A deeper issue is that the company finds itself on the wrong side of China’s latest great social endeavour. Having spent four decades creating one of the most unequal societies on Earth, Beijing is now seized by a mantra of “common prosperity” — or redistributing spoils to hundreds of millions of have-nots.

Moutai, which is drunk in shot glasses and can cost thousands of dollars a bottle, has been a pungent symbol of China’s “gilded age”. Toasts of the liquor have helped cement the cosy symbiosis between elite dealmakers and government officials, generating fabulous riches for a charmed few. 

So a recent sharp reversal in Kweichow Moutai’s fortunes may signal the size of the social engineering project that President Xi Jinping has in mind. The market capitalisation of the world’s most highly valued drinks company has shrunk by $207bn since a peak in early February — more than the value of Japan’s Suntory and Heineken of the Netherlands combined.

“There is a sea-change in the way the Chinese Communist party sees its legitimacy,” said Yu Jie, a researcher at Chatham House, a London-based think-tank. “Xi is addressing ordinary peoples’ agonies over unequal distribution of income and the lack of equal access to basic social welfare and some services.”

A commission led by Xi issued a call to arms this week. It said China would “regulate excessively high incomes and encourage high-income groups and enterprises to return more to society”. While the party had long allowed some people and regions to “get rich first”, it was now prioritising “common prosperity for all”. 

At stake is the CCP’s social contract with China’s people, Yu said. “If the party defends the current status quo that is manifestly unfair in its distribution of wealth and opportunity, trust from ordinary people will collapse.”

But the task before Beijing is huge. The number of Chinese billionaires reached 1,058 last year, exceeding the 696 in the US, according to the Hurun Global Rich List. Yet some 600m Chinese live off a monthly income of about Rmb1,000 ($154).

Details on how and at what pace China plans to address such inequalities are sketchy or non-existent. But it is clear that several of China’s wealthiest private entrepreneurs are in the crosshairs.
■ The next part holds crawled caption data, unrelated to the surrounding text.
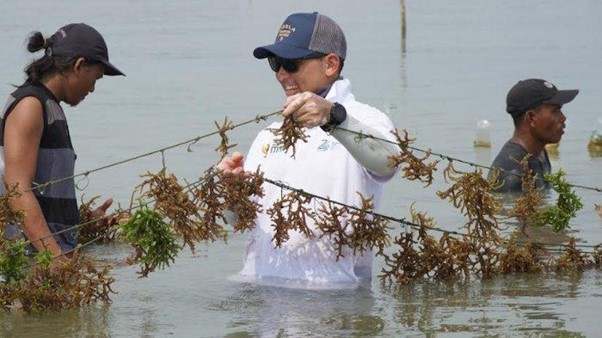PT KBI Dampingi Petani Rumput Laut untuk Tingkatkan Volume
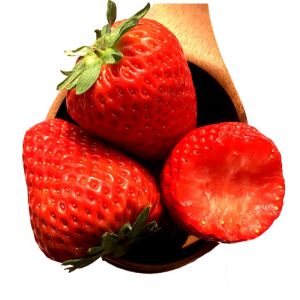 草莓种子四季结果好养易活室内外阳台蔬菜水果盆栽植物花种子籽子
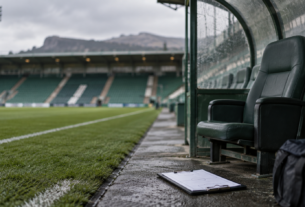 David Gray Dismissed by Hibernian After Six League Matches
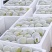 雪花梨云南基地直发百家、园子货均可物美价廉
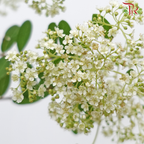 Meadow Sweet Cuilan - (Per Bunch)-China-prflorist.com.my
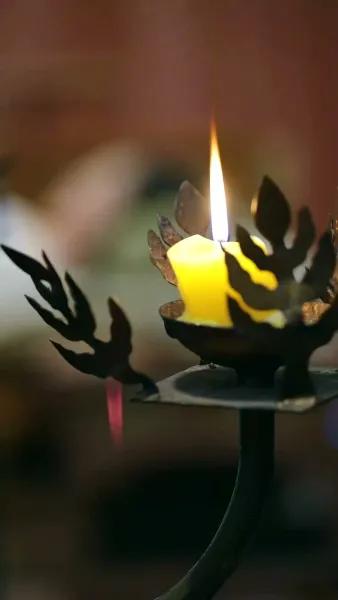 นางบำเรอในเงาโศก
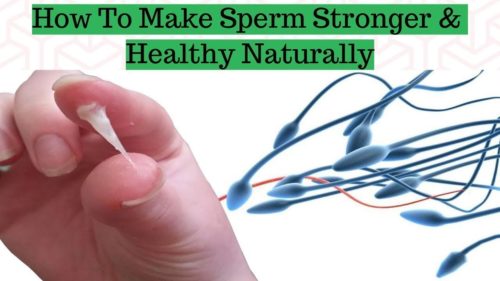 Read more about the article How to make sperm thicker and stronger (2022)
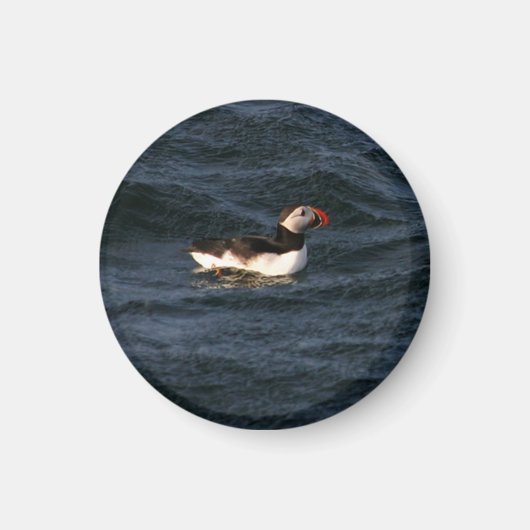 Puffin Magnet (Vorne)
Tens of billions of dollars have been wiped from the wealth of tycoons such as Jack Ma, the founder of Alibaba, and Pony Ma, founder of Tencent, as new regulations have depressed their companies’ share prices.

The response of some savvy entrepreneurs has been to swing behind Beijing’s agenda. Wang Xing, founder of the food-delivery group Meituan, donated $2.3bn to a philanthropic fund that supports education and science. Tencent announced a $7.7bn fund dedicated to “common prosperity”, which it defined as boosting the income of low-income groups, healthcare coverage, rural economic development and education for less advantaged students. “As a Chinese tech company blessed by China’s reform and opening up, Tencent has always been thinking how to help social development with its own technologies and digital power,” the company said.

Other potential measures to close China’s wealth gap could include significant changes to the tax code. The lenient tax treatment of technology companies could be fully or partially withdrawn, obliging them to pay closer to the national corporate tax rate of 25 per cent, analysts said. Another measure under consideration is the implementation of a property sales tax.

But whatever detailed measures are adopted, the general policy direction is set firm. This is because of the particular manner in which the party signals and choreographs its rule. 

At the 19th CCP Congress in 2017, Xi announced a change in the party’s “principal contradiction” — the philosophy that guides all its endeavours. The previous philosophy, set in 1981, emphasised acceleration of economic growth. Since 2017, the party has put the focus on reducing inequalities that threaten to undermine its legitimacy and improving the quality of people’s lives.

It has taken Xi four years to swing the full force of his administration behind the new policy direction, but he now appears determined, according to Chinese analysts. At the party’s 20th Congress to be held next year, he must show progress towards its newly defined objective.

Overall, though, the clearest way to understand what is happening in China is to compare it to 19th-century US history, said Yuen Yuen Ang, an associate professor at the University of Michigan.

The Gilded Age, which ran from roughly 1870 to 1900, was a time of rapid growth and gross inequality as millions of poor immigrants arrived in the US and wealth became concentrated in the hands of powerful industrialists. That period gave way to the Progressive Era, a time of extensive social and political reform. “Xi Jinping is attempting to summon China’s own progressive era,” said Ang.